• ASSIGNED TASK:
Although the records include pictures, the copy should not; write out exactly the lines from the first through the line with "Photo 10 from".

LISTED ENTRIES Start Marker

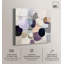 Art mural moderne, impression géométrique Soft II, par Art Remedy, prêt à accrocher, 24 x 24-588737050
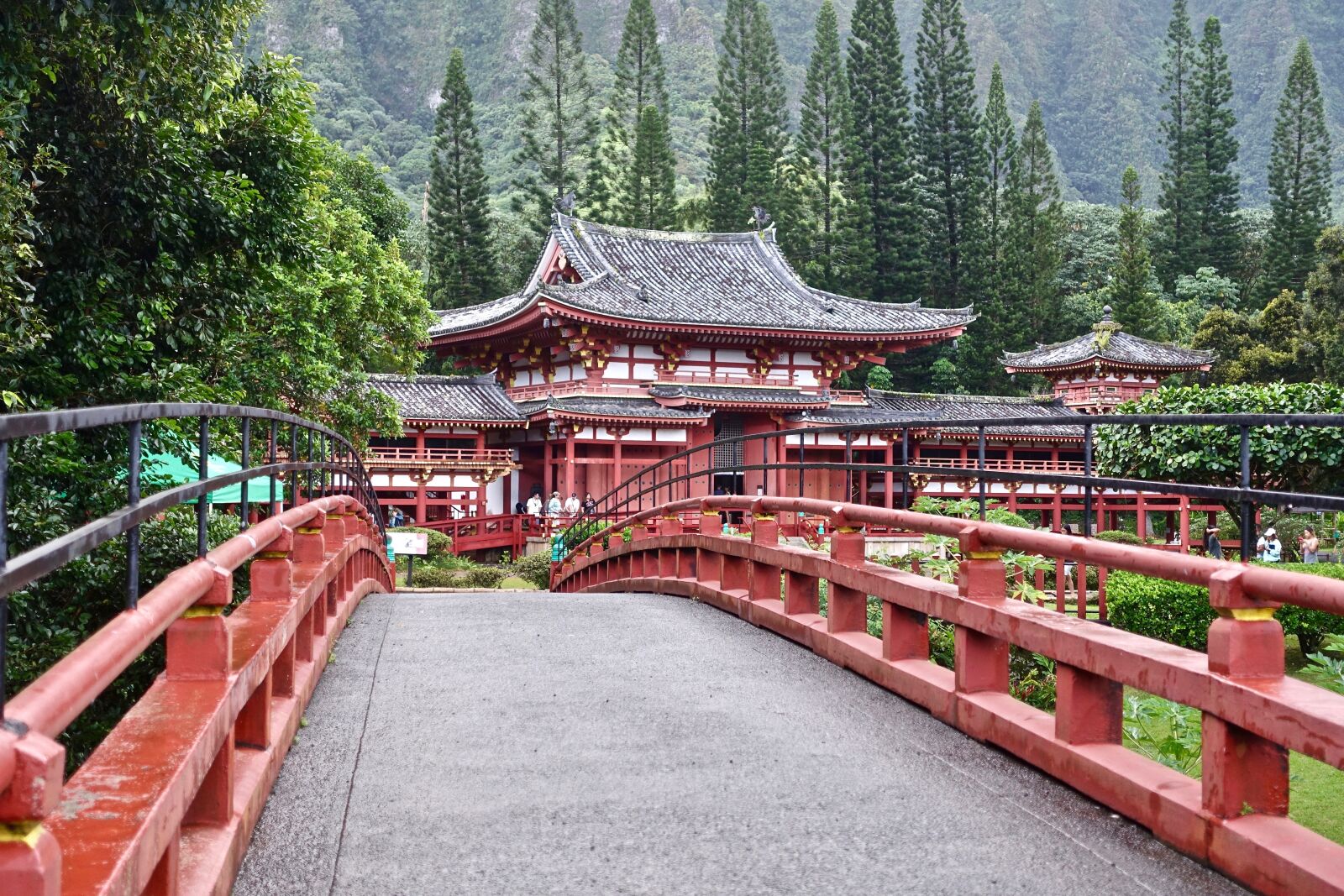 Sony Cyber-shot DSC-RX100 III sample photo. Bridge, japanese, temple photography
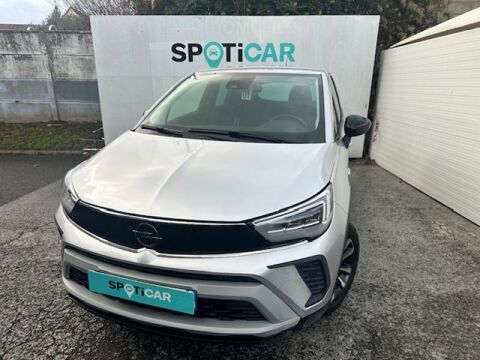 Annonce voiture Opel Crossland 13970 �
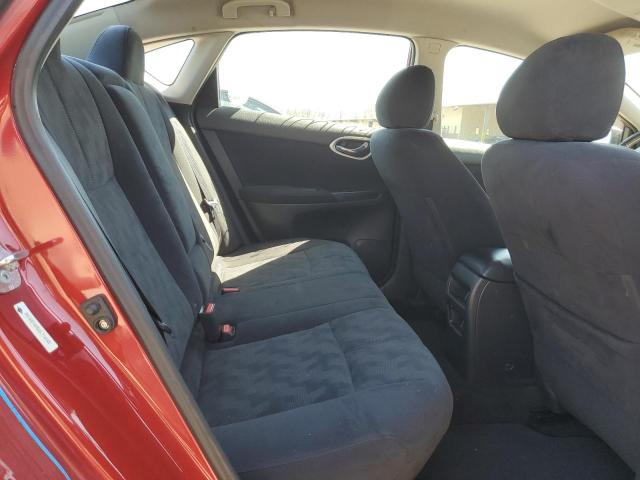Photo 10 from auction – 2013 NISSAN SENTRA with VIN 3N1AB7AP0DL714449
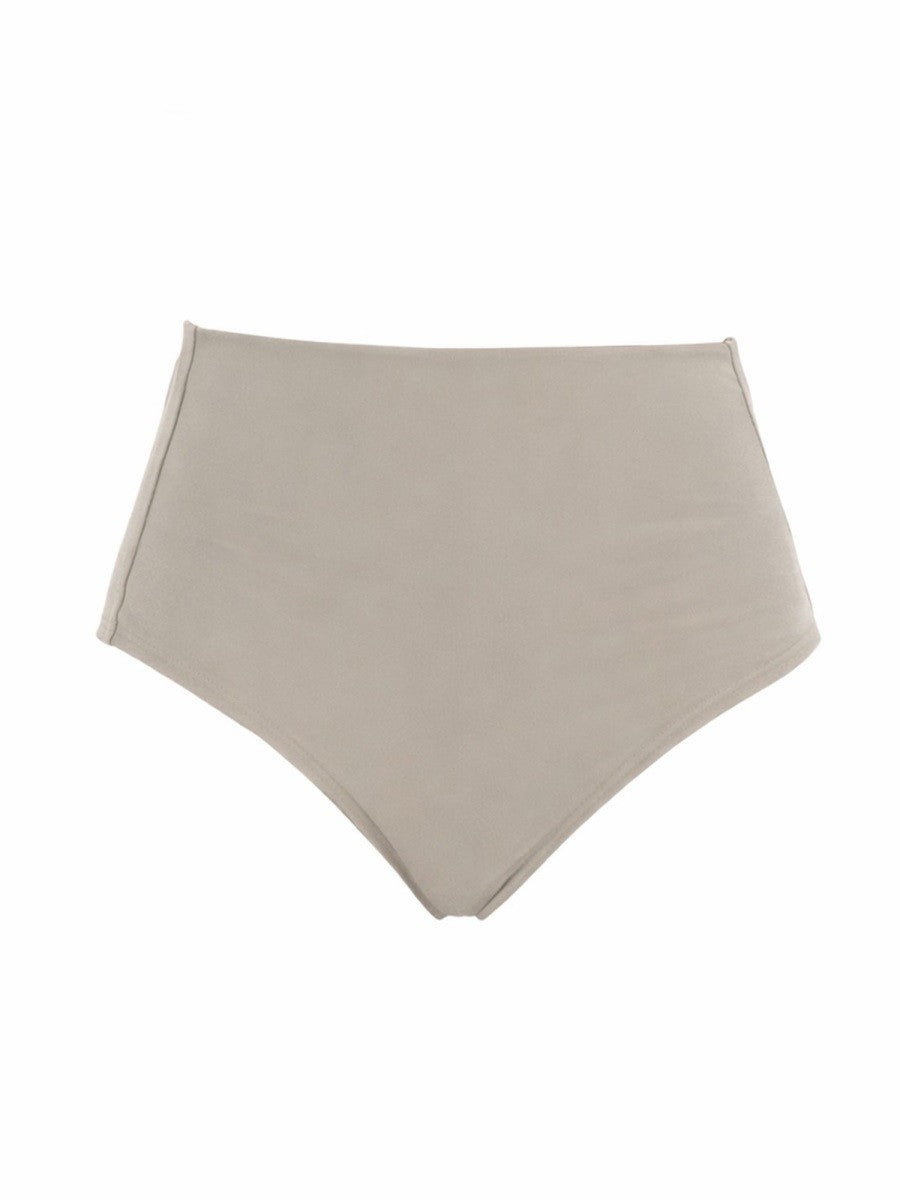 Rick Owens Women's Dirt Brief Bikini Briefs Grey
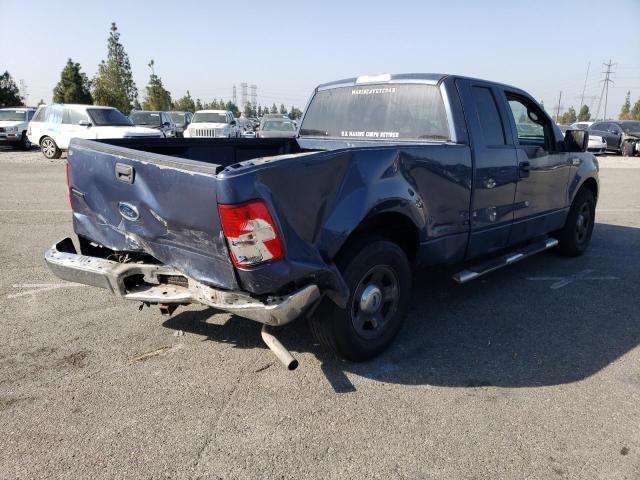 Photo 4 from auction – 2005 FORD F150 with VIN 1FTPX12565NB68745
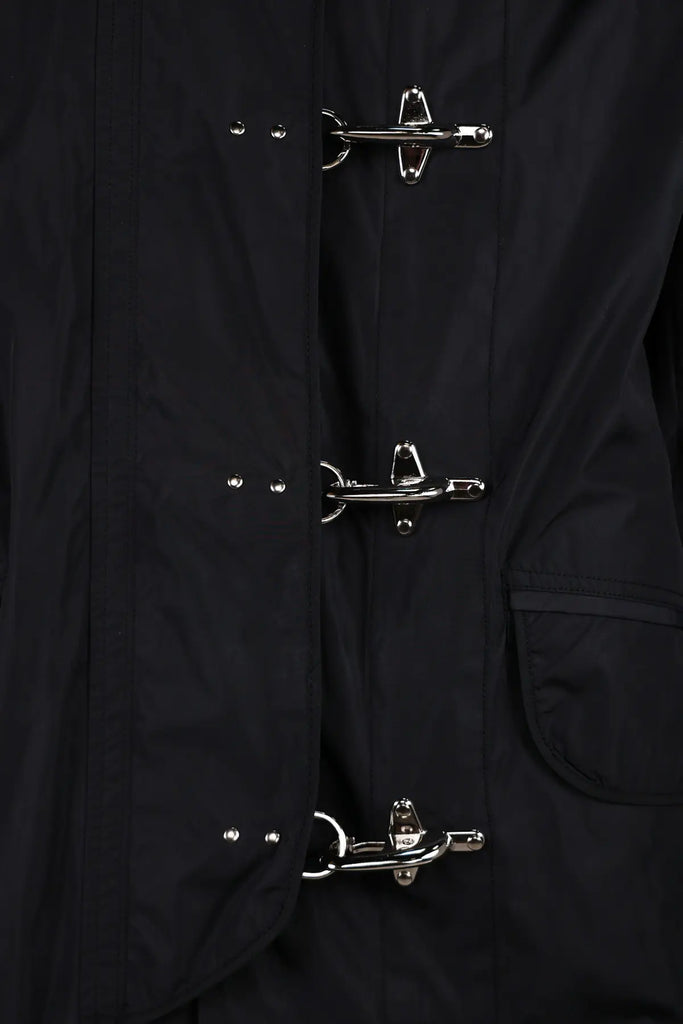 Eastlogue - Fireman Jacket - Black - Canoe Club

LISTED ENTRIES End Marker

• TASK RESULT:
 Art mural moderne, impression géométrique Soft II, par Art Remedy, prêt à accrocher, 24 x 24-588737050
 Sony Cyber-shot DSC-RX100 III sample photo. Bridge, japanese, temple photography
 Annonce voiture Opel Crossland 13970 �
Photo 10 from auction – 2013 NISSAN SENTRA with VIN 3N1AB7AP0DL714449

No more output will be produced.